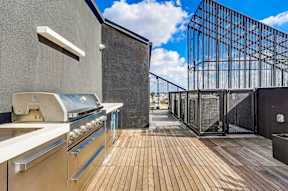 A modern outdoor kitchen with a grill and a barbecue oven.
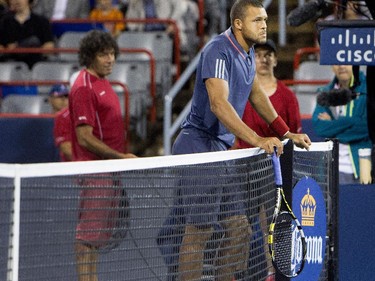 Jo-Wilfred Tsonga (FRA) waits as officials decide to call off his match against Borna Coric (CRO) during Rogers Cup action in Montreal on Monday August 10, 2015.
──────────────────────────────
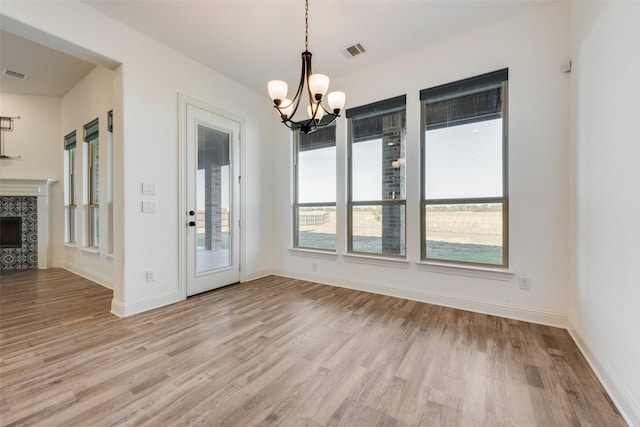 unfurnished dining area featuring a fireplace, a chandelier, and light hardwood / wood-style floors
──────────────────────────────
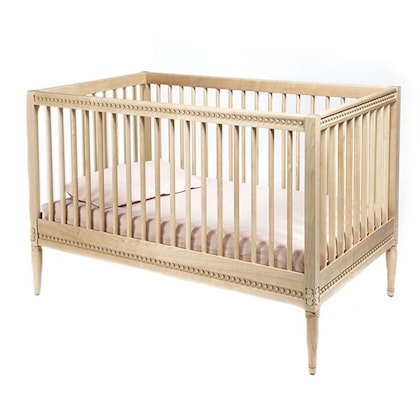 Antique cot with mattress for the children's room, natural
──────────────────────────────
> [EXERCISE REQUIREMENTS]:
Going back to the data above, write out everything from the line with "A modern outdoor" down to the line with "Jo-Wilfred Tsonga (FRA)", both included, leaving every picture out.

> [COMPLETED EXERCISE]:
 A modern outdoor kitchen with a grill and a barbecue oven.
 Jo-Wilfred Tsonga (FRA) waits as officials decide to call off his match against Borna Coric (CRO) during Rogers Cup action in Montreal on Monday August 10, 2015.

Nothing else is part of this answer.